Swedish Chocolate Cake with Coconut Tosca
Ingredients
Chocolate Cake
- 150 gram butter or dairy-free margarine 5.2oz
- ½ cup aquafaba See Note #1
- ½ cup sugar
- ½ cup cane sugar
- ⅓ cup brown sugar
- 3 tbsp cocoa powder
Coconut Tosca
- 2⅓ cups desiccated coconut
- ½ cup sugar syrup
- ⅔ cup sugar
- 75 grams butter or dairy-free margarine
- ⅔ cup fresh cream
- ½ tsp coarse sea salt
Instructions
- Turn on the oven to 175 C / 350 F
- Measure and add all ingredients for the mud cake in one large blending bowl
- Blend it all together with a spatula or by hand with a large whipping tool
- Pour the batter into a round greased pan (approx. 25 cm in diameter), or lined with baking sheet
- Place the pan in the oven for 15 min on 175 C / 350 F
- Meanwhile when the cake is in the oven, you will start making the topping.

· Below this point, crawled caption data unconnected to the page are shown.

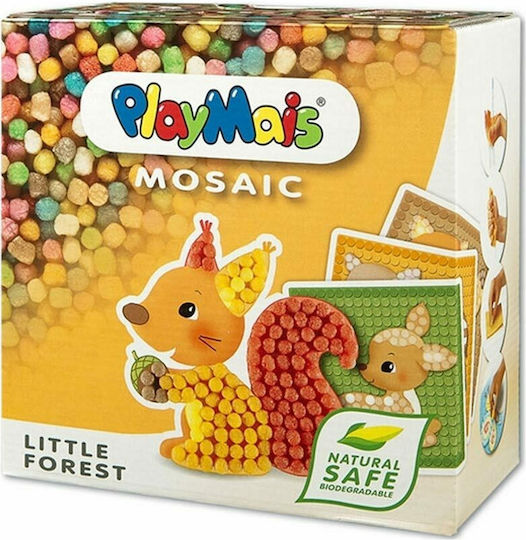 Playmais Children's Craft Construction from Corn Forest Animals for Children 3+ years Years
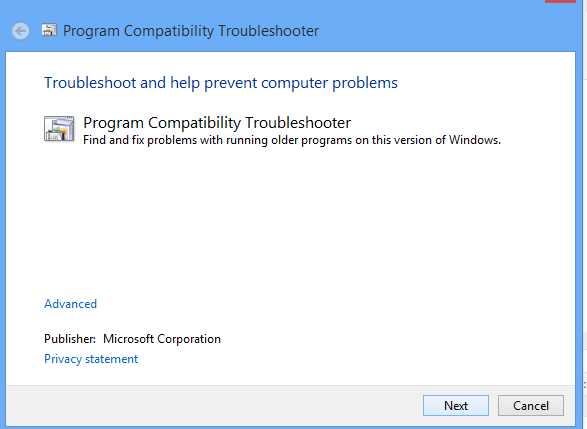 troubleshooter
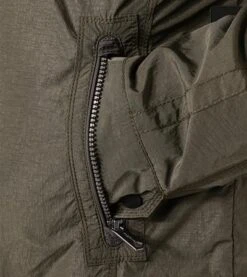 MILESTONE Jacke MS-Caruso, Mikrofaser Halbgefüttert, Khaki -Milestone Shop 406277 norm4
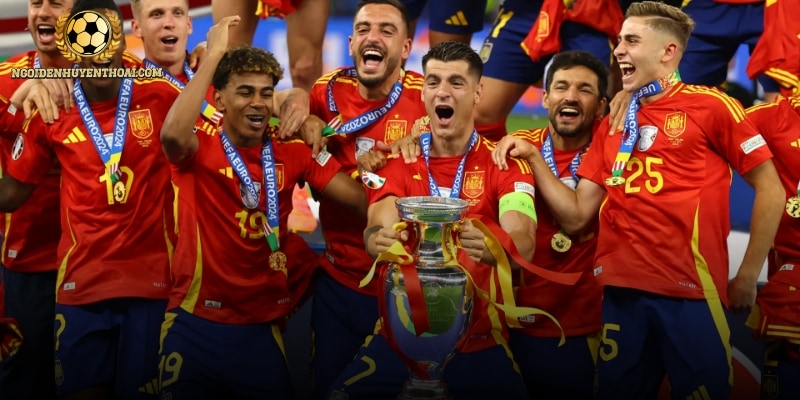 Top đội vô địch Euro nhiều nhất hiện nay - Tây Ban Nha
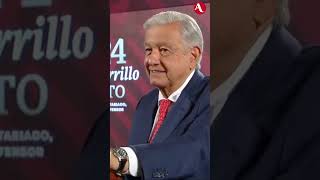 AMLO felicita a legisladores que aprobaron su reforma judicial [upl. by Arihsa]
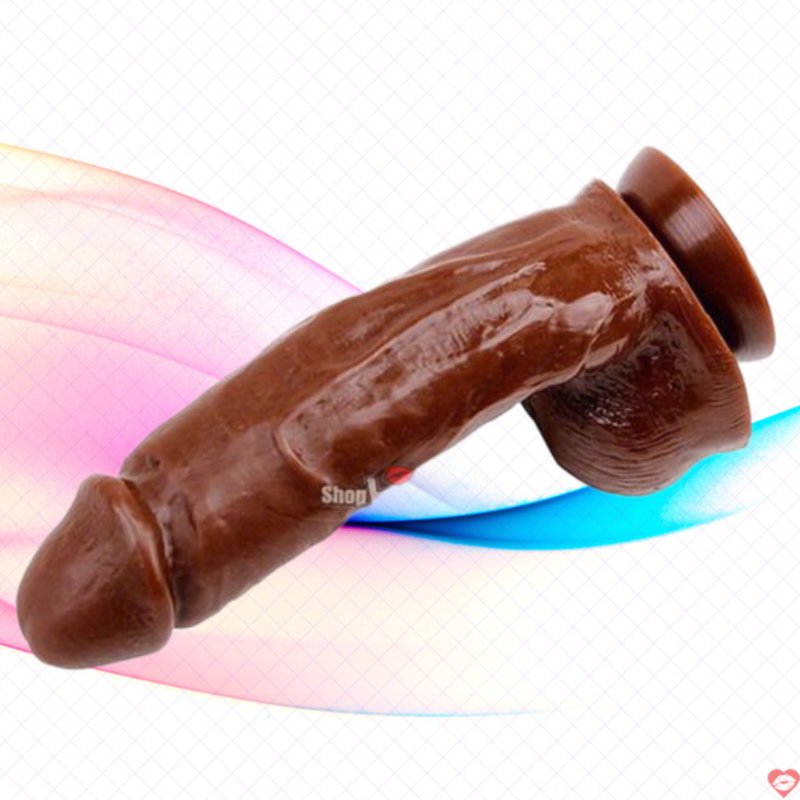 Dương vật giả gắn tường Real Touch to êm chân thực hấp dẫn 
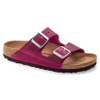 Birkenstock Women's Arizona Festival Fuchsia Oiled Leather Sandal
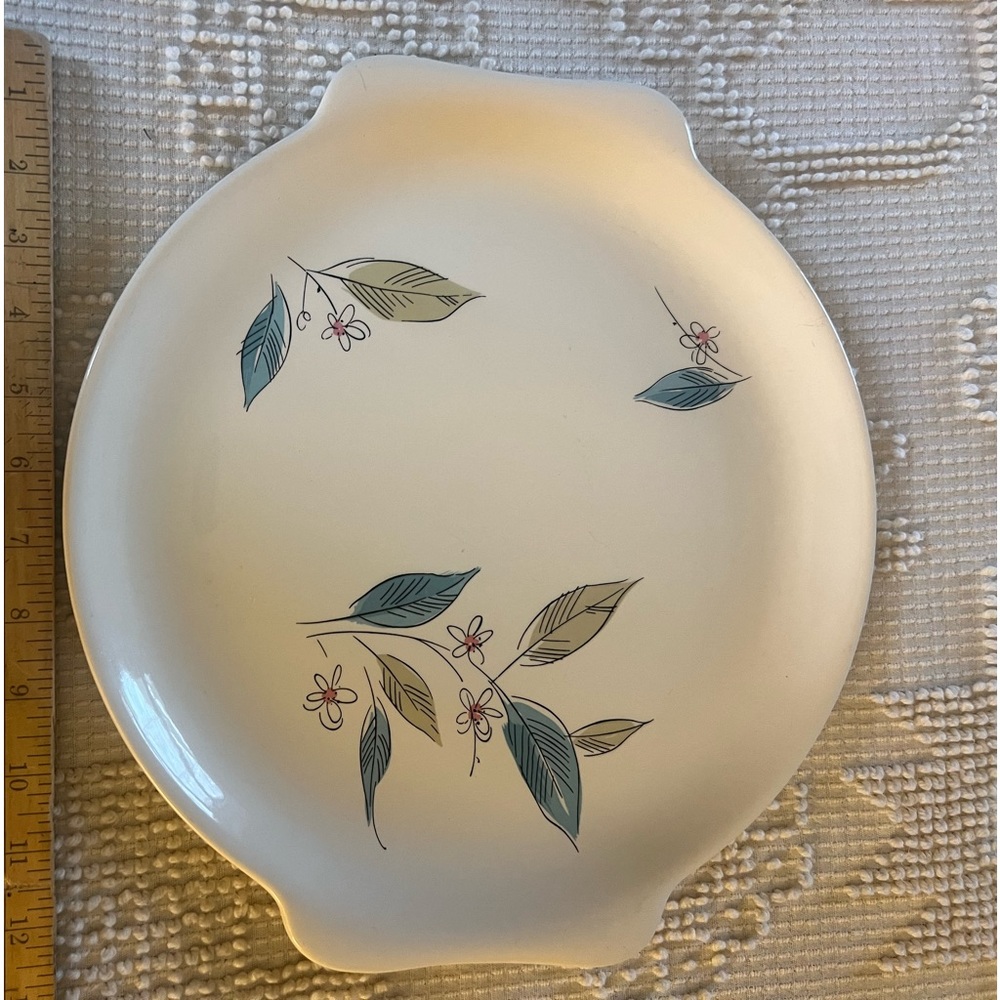 Salem Biscayne China Platter Tab Handles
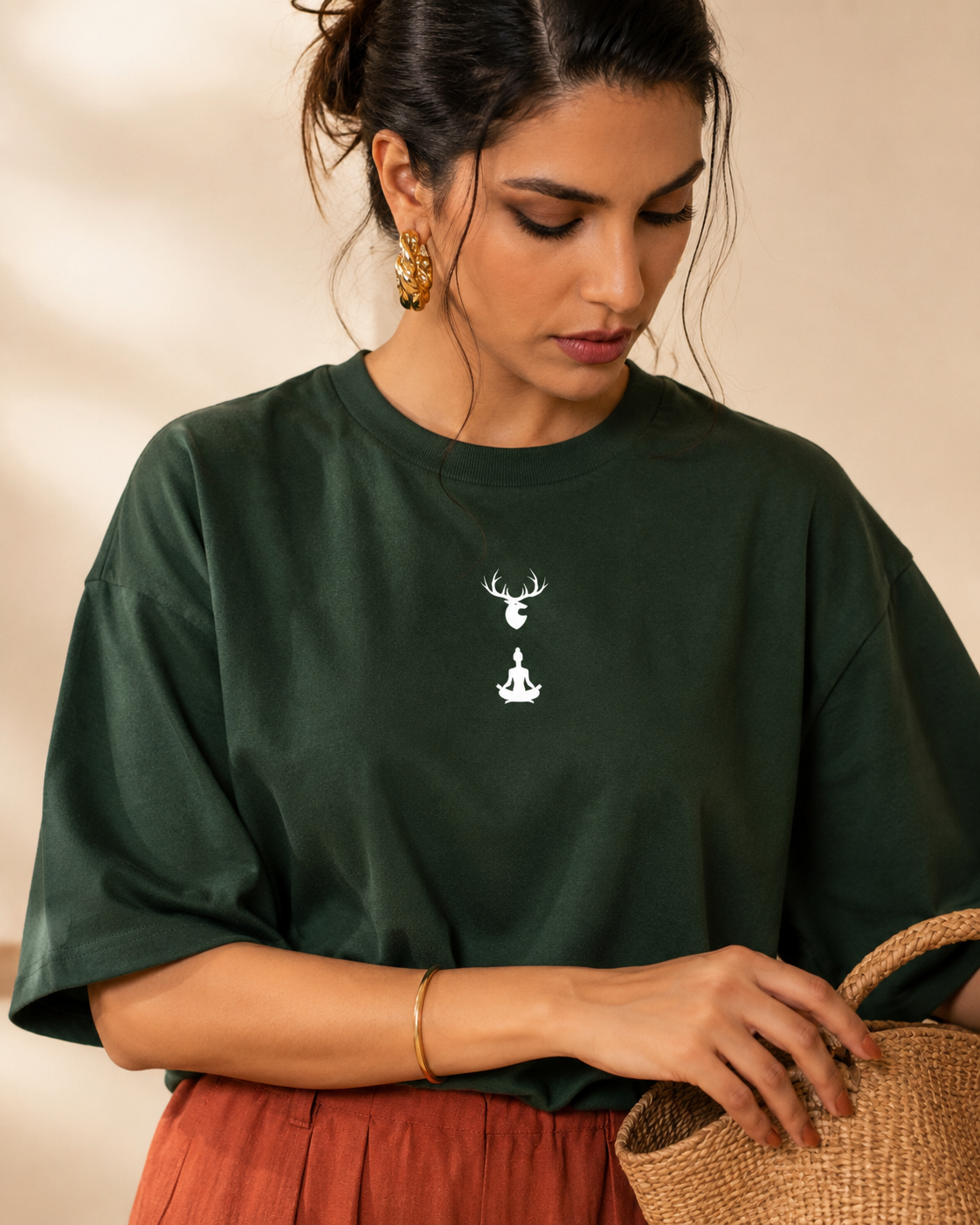 Cotton Oversized T-shirt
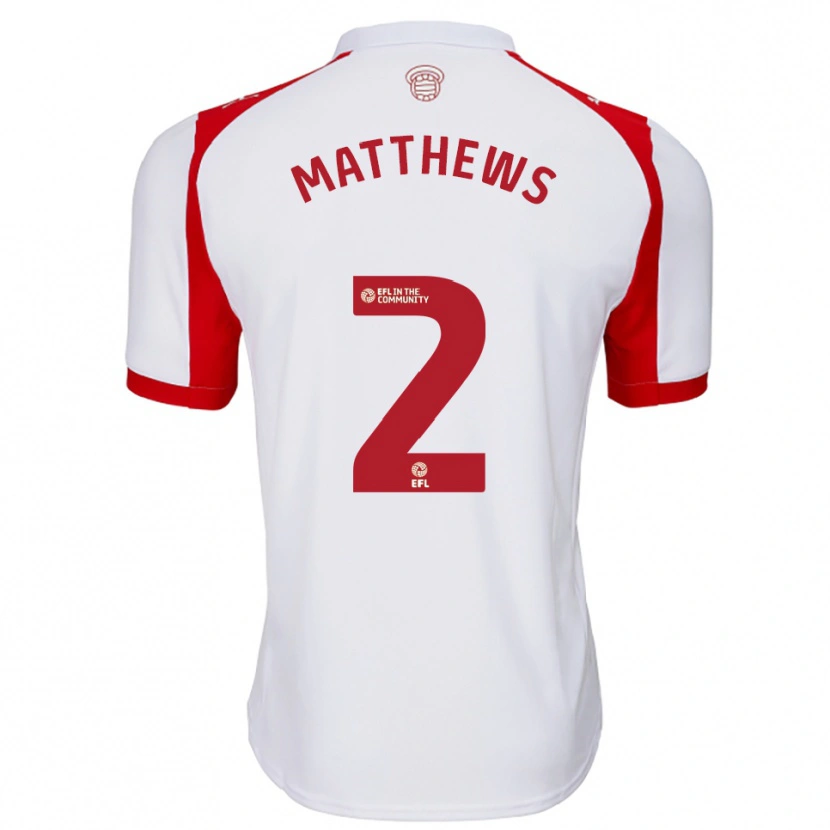 Danxen Men Abdulhalim Okunola #2 White Red Home Jersey 2025/26 T-Shirt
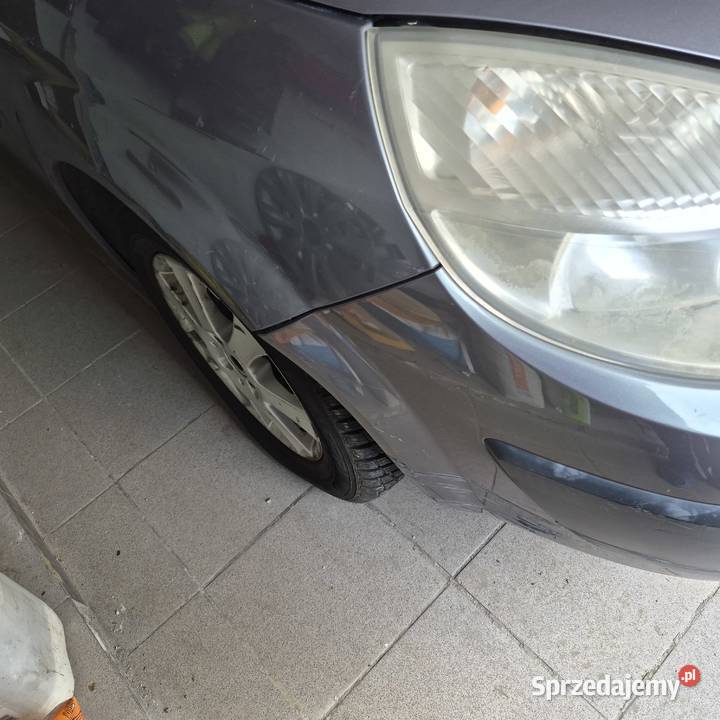 Renault Scenic 2 16 16v automat Samochody osobowe Pieszyce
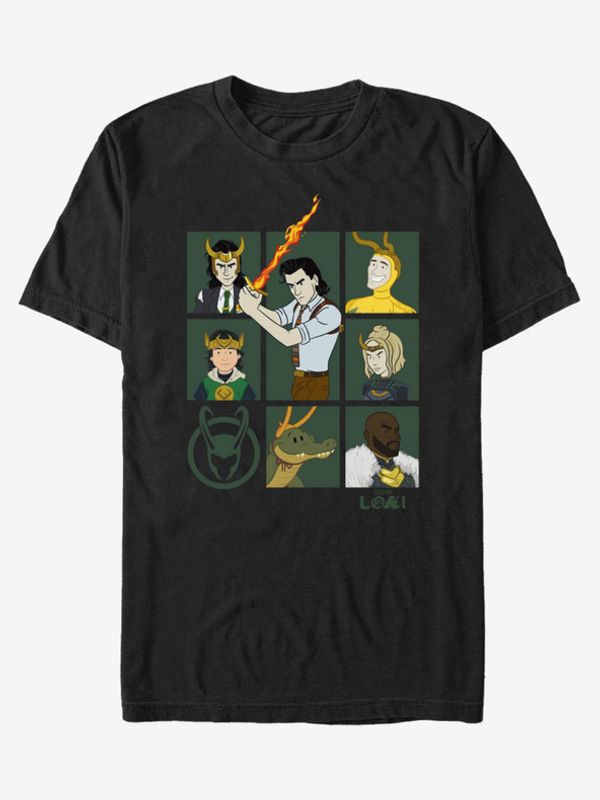 ZOOT.Fan ZOOT.Fan Marvel Team T-shirt Cheren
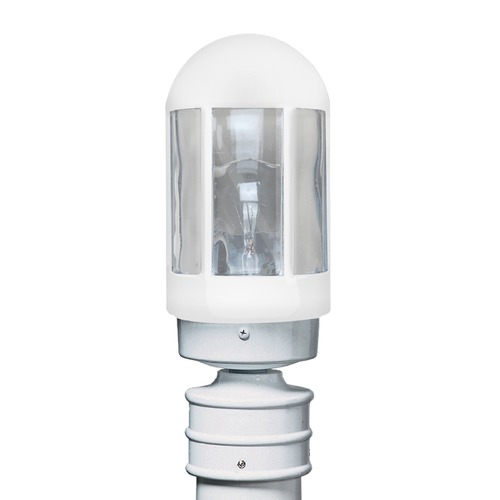 Besa Lighting Post Light White Costaluz by Besa Lighting 315153-POST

- Mix together all ingredients for the "tosca" topping in a deep pot and start simmer it on medium to high heat for approximately 5 minutes. The mixture will turn light golden in colour.
- When the cake has been in the oven for 15 min, pour the topping on top of the cake. Put the cake back in the oven for another 10 min or until you see the top layer golden brown.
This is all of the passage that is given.